(Short descriptive text snippets)
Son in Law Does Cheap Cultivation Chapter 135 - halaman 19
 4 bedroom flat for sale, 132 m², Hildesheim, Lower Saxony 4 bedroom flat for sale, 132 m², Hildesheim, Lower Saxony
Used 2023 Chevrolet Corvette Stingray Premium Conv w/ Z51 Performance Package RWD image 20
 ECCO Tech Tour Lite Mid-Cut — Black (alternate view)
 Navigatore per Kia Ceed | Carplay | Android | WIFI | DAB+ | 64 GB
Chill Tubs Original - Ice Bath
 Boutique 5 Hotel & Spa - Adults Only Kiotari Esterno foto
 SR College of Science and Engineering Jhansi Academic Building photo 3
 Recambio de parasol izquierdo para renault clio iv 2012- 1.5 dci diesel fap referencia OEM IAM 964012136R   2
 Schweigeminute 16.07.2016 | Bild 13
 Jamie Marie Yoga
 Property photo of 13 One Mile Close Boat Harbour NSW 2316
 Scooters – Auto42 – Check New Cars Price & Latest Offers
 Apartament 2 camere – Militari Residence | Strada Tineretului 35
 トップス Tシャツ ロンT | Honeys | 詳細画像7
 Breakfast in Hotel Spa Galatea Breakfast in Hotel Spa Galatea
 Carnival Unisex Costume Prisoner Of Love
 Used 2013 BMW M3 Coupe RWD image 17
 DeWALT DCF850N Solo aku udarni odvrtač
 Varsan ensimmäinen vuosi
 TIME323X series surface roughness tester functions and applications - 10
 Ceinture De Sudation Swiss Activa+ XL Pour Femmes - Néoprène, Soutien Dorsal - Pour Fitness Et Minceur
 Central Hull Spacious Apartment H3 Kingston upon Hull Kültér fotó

Work required :: With the line that contains "Ceinture De Sudation" as your start, reproduce the data above exactly through its last line, and nothing before that start.

Exercise result ::
 Ceinture De Sudation Swiss Activa+ XL Pour Femmes - Néoprène, Soutien Dorsal - Pour Fitness Et Minceur
 Central Hull Spacious Apartment H3 Kingston upon Hull Kültér fotó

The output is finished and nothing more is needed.